Despite all the good things going it’s way, though, Hulu has a dark side. Some might think that’s their default advertisement tier. Those people would be partially right. I mean, sure, there is the option to pay for Hulu with no ads. But who has that kind of frivolous spending in their budget? It’s twice as much. And then I would lose my built in bathroom, and snack, breaks. In other words, for more of my money, I would physically have to pick up the remote to pause what I was watching to take a break. That feels backwards. A little unfair, honestly. Thus, I am but a Hulu peasant living with their commercial breaks.

Side tangent aside, the commercial breaks are a necessary evil in my current lifestyle. If you’re living the 1% life and don’t have the basic plan, then you may not be able to relate to the one major downside to Hulu. Which, of course, is their commercial algorithm troll. During my PH years – that’s pre-Hulu in case it was unclear – I thought I was kind of an average, normal-ish millennial. Sure I had my quirks, but overall believed I was in the same general range as my peers. From a lifestyle and preferences standpoint.

However, after leveling up to multiple streaming services and adding the big green H to my TV apps, I’ve realized that I am both a middle aged soccer mom and a lonely college student. I am neither a mom, nor am I middle aged, nor am I lonely, nor am I a college student. At least, I didn’t think I was. Enter Hubert the Hulu Troll. In my mind this algorithm is an angry old man, so I figured Hubert best fit that analogy. Hubert made me realize that I’ve basically been living in some weird dream as a mid-twenties millennial. 

I’m no algorithm expert, but I know that at a basic level it takes your viewing preferences and suggests commercials based on what category it thinks you fall into. Oh, and obviously your smart TV, and any other devices with your Hulu app, listens to your conversations and throws out commercials based on your conversations. So it takes the data it has, steals data from private conversations and stereotypes you. How fun is that?! 
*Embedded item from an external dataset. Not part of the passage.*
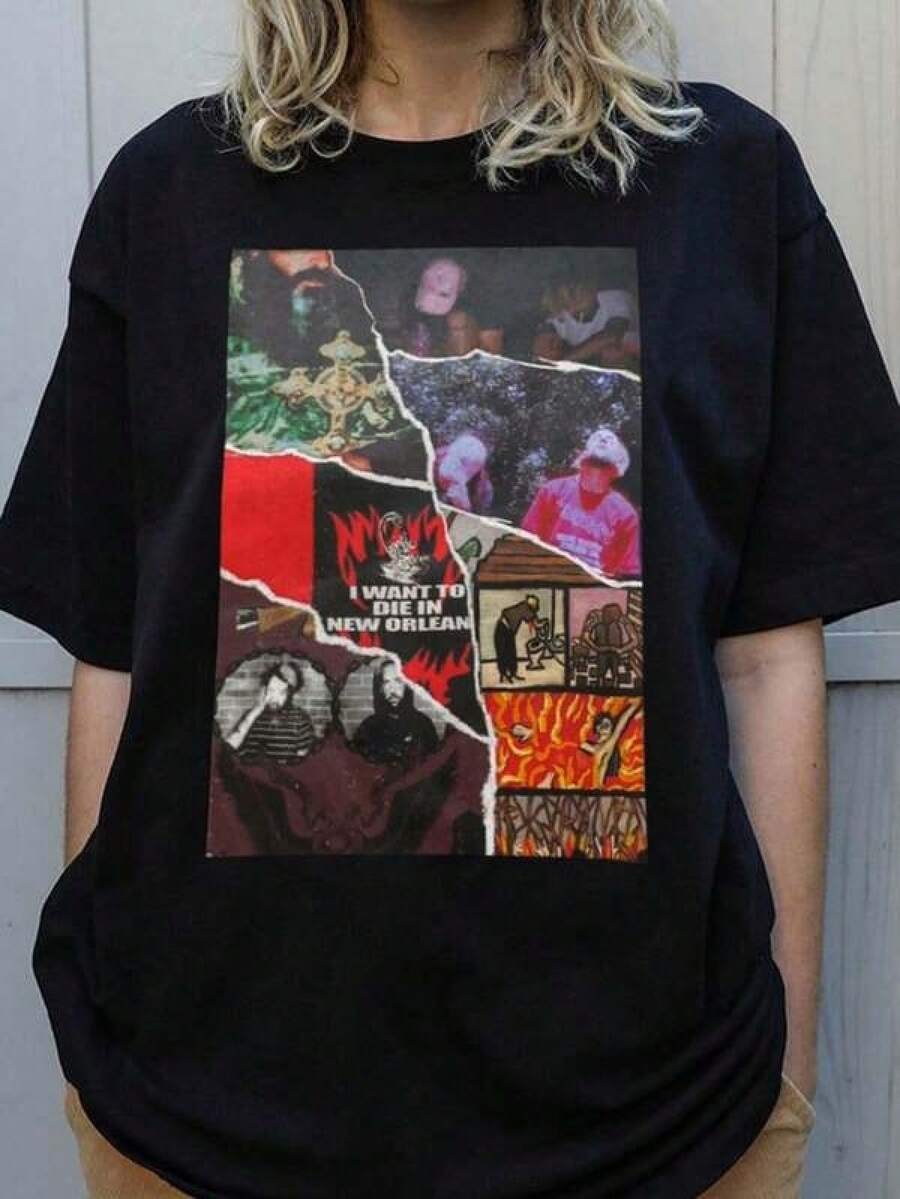 Uicideboy Poster Short-Sleeved T-Shirt Mens Summer Outfits, Kiss All The Time Disco Occasionally Holiday Essentials,  Concert, 1 Piece,Unisex Concert T-Shirt, Family Matching Outfits Adult And Children's Sizes - Black - View 1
If it feels a bit creepy, that’s because it is. I’ve been talking about adopting a new puppy since the fall. Simply talking. And texting. With my friends and family. On my phone. Which doesn’t have the Hulu app. Yet, guess who keeps getting Petfinder and Hill’s Pet Nutrition commercials? Correct, yours truly. Although, if we’re being honest, it could have been a much worse topic for them to take from my non Hulu related activity, so I guess there’s a silver lining. I get to see adorable dogs on my commercial breaks. On the flip side, though, it also thinks that I have children. I get a disturbing amount of Pull-Ups, minivan, and Hornitos tequila commercials. If Hulu is listening, please just send me more puppies.
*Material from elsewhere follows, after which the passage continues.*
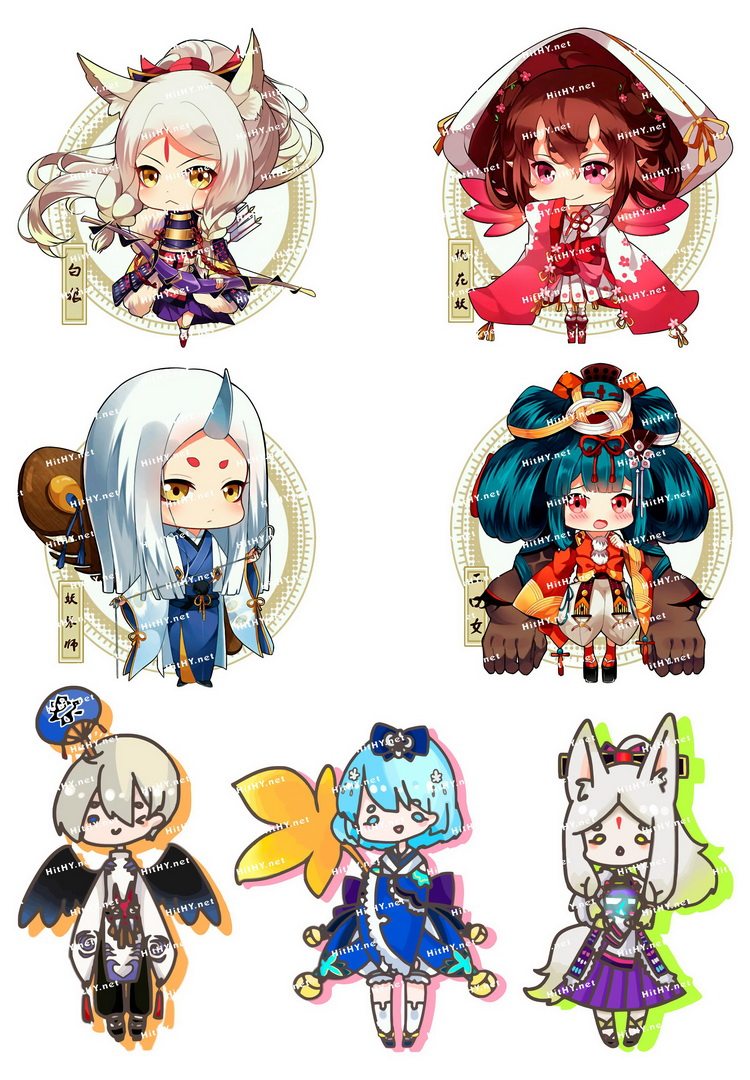 中号f0252-35阴阳师q版卡通动漫电脑手机旅行拉杆箱贴纸防水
Like all good technology, it doesn’t always get it right. Occasionally I get commercials for Meow Mix and I know you don’t know me, but I’m not a cat person. I don’t own a cat. I won’t own a cat. Stop trying to sell me on the impossible. I also find it funny when I get whiskey commercials since I hate whiskey. And all of my private conversations would indicate that. Maybe my significant other is whispering sweet nothings in Hubert’s ear to try and get me on the brown liquor train. But I will stand strong. 

My favorite part about Hubert, is that for a while I naively believed it was just random placements of ads to the highest bidder. Then my siblings, one who is in college and one who just graduated from college, informed me that they got Trojan, Tinder, and Tito’s commercials. At which point I realized that Hubert genuinely believes that I’ve outgrown my youth. I have not received a single commercial for any of those products. And I love a good moscow mule so what’s up with that?!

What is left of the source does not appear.